INPUT MATERIAL START

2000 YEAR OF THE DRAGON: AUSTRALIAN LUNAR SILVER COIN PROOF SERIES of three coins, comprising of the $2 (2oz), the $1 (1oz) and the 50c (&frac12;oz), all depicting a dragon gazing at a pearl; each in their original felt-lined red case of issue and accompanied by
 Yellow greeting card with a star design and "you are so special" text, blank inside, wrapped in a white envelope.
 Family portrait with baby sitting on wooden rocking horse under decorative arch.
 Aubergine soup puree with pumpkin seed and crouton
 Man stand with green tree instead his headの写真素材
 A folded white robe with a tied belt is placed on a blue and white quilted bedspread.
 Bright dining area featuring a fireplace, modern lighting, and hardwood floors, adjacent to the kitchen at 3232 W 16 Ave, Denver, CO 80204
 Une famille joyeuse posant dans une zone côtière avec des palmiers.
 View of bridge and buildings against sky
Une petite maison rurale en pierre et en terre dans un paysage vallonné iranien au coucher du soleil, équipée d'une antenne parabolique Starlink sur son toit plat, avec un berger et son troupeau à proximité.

INPUT MATERIAL END

Every line that contains the string "with" should be copied from the records.

 Yellow greeting card with a star design and "you are so special" text, blank inside, wrapped in a white envelope.
 Family portrait with baby sitting on wooden rocking horse under decorative arch.
 Aubergine soup puree with pumpkin seed and crouton
 Man stand with green tree instead his headの写真素材
 A folded white robe with a tied belt is placed on a blue and white quilted bedspread.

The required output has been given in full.